The output must consist only of the lines from the one with "Eid Mubarak gevouwen wenskaart Kaart" through the end of the listing, restated exactly and free of pictures.

======== SOURCE DATA ========

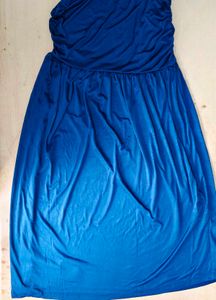 Full Sleeve Side Ruched Drop Waist Dress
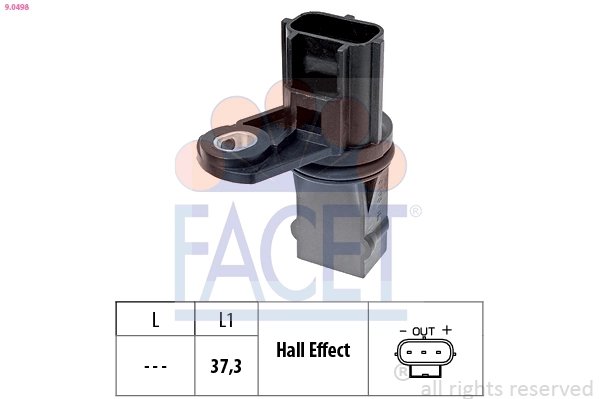 SENZOR, TURATIE MOTOR FACET 9.0498 - Compatibil cu FORD, JAGUAR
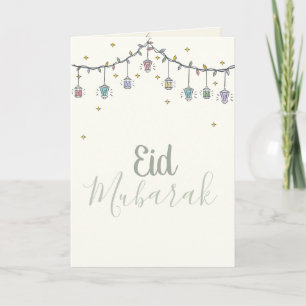 Eid Mubarak gevouwen wenskaart Kaart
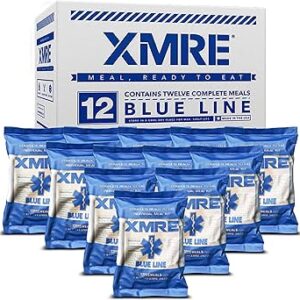 xmre blue line 12 case no heaters (meal ready to eat)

========

> SOLUTION TO THE PROBLEM
 Eid Mubarak gevouwen wenskaart Kaart
 xmre blue line 12 case no heaters (meal ready to eat)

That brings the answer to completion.